"The municipal early childhood programs of Reggio Emilia, Italy, have created an educational reality that many other educators strive to achieve. A 1991 Newsweek article identified the programs in Reggio Emilia as the best early childhood programs in the world" (J. Wurm; Working in the Reggio Way (2005)
In learning about Reggio inspired programs I found a love for the community feeling and group participation that lends itself to the philosophy. Reggio Inspred programs focus on the vision of the child, space and environment, the organization of time, Progettazione (planning), observation and documentation and families.

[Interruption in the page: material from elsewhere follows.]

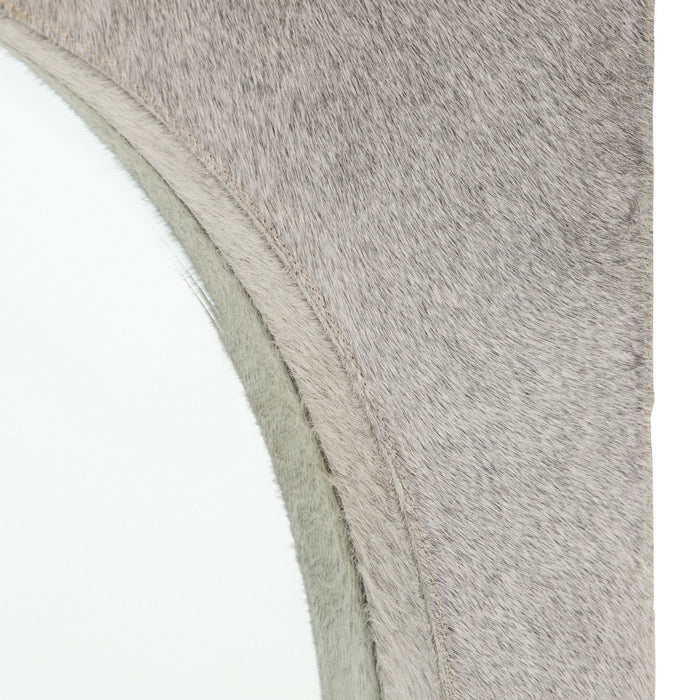 Arteriors - WMI75 - Mirror - Kristen - Gray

As I work in my preschool program I try to keep all of these things in mind when I design activities. One such activity developed recently while we were on a walk. Together we found an interesting branch on the ground. We talked about it and decided to bring it back to the centre as a group and create something with it. It was decided we would paint it outdoors.
The children were excited to create their nature art and chatted together as to what we should do with it when it dried.
No instructions were given and the children could come and go from this activity as much as they wanted over a long period of time.
The children's nature art. It is beautiful and full the vision of the children.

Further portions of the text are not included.